**Goal of the exercise**
Return only the lines below starting at the line containing "Peter Murphy – Deep Cd" and ending at the line containing "Lotto 3 opere;", both included, exactly as they are and with no pictures.

**Records provided**
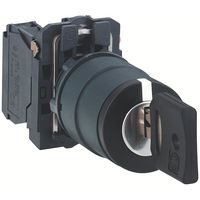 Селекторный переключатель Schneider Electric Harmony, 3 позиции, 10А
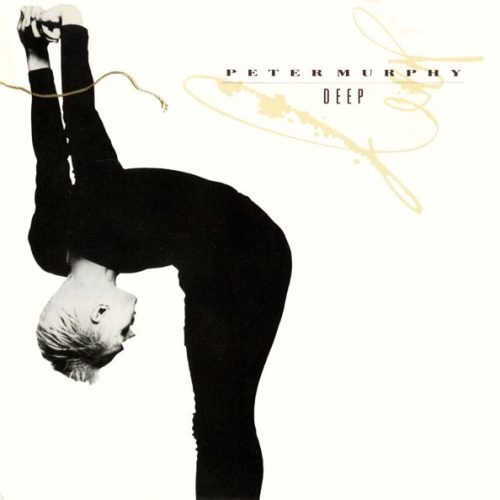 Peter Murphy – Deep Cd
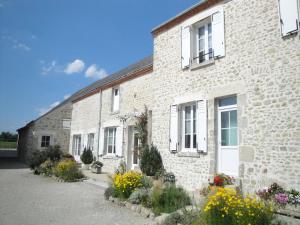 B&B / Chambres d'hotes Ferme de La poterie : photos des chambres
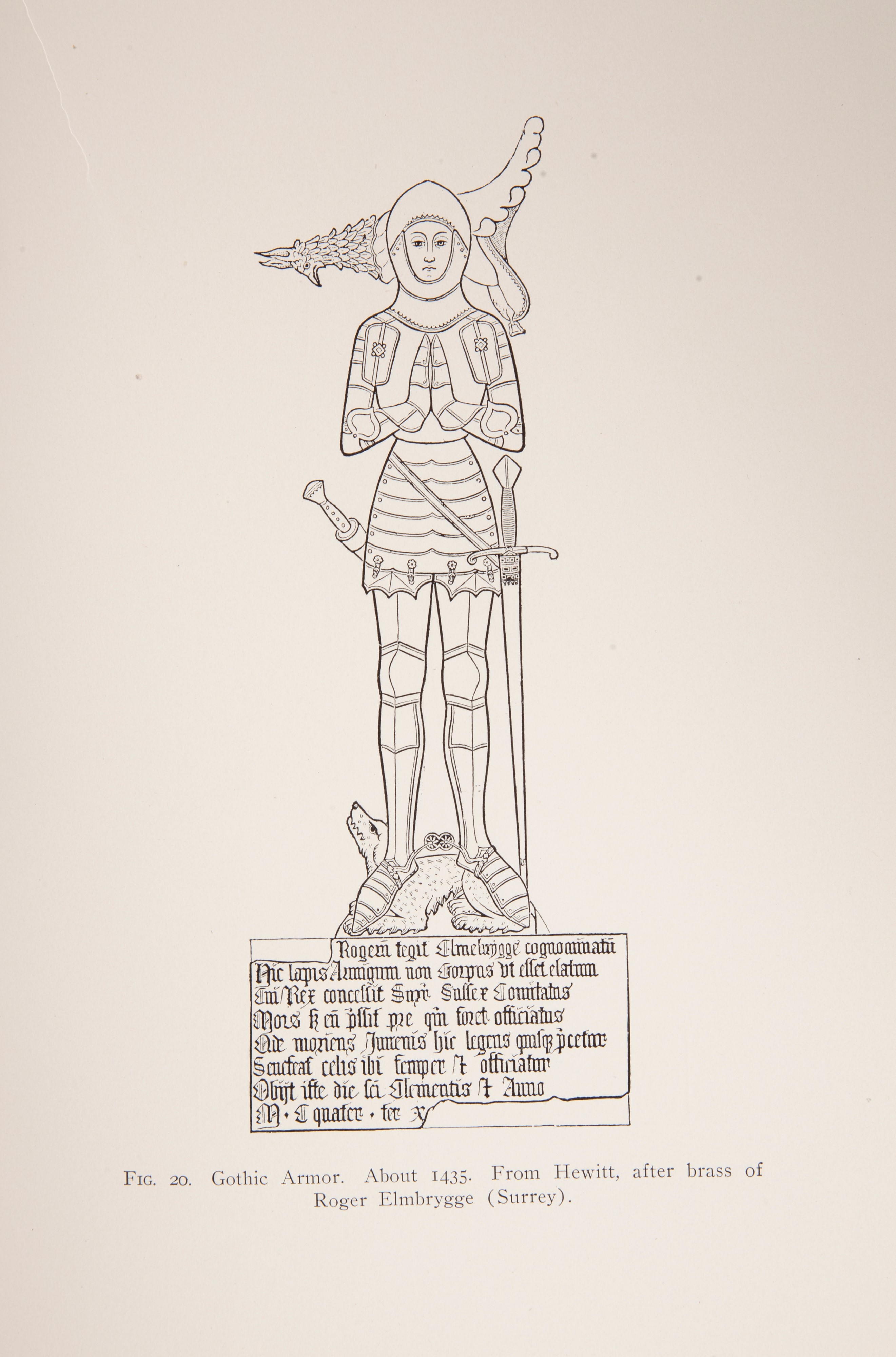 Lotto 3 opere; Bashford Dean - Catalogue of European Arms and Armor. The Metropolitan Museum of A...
* * *
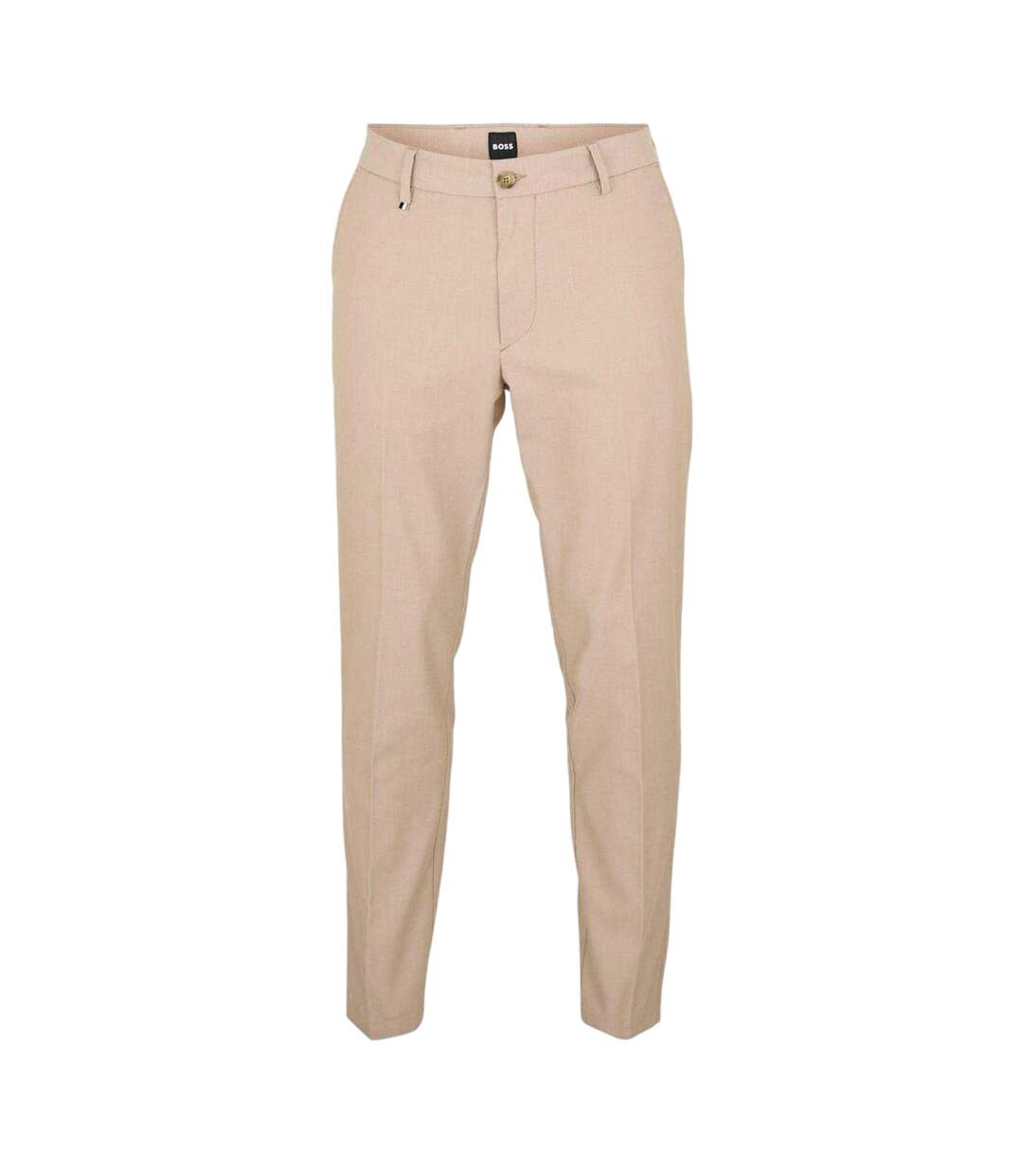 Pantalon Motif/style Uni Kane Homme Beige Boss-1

**Exercise answer**
 Peter Murphy – Deep Cd
 B&B / Chambres d'hotes Ferme de La poterie : photos des chambres
 Lotto 3 opere; Bashford Dean - Catalogue of European Arms and Armor. The Metropolitan Museum of A...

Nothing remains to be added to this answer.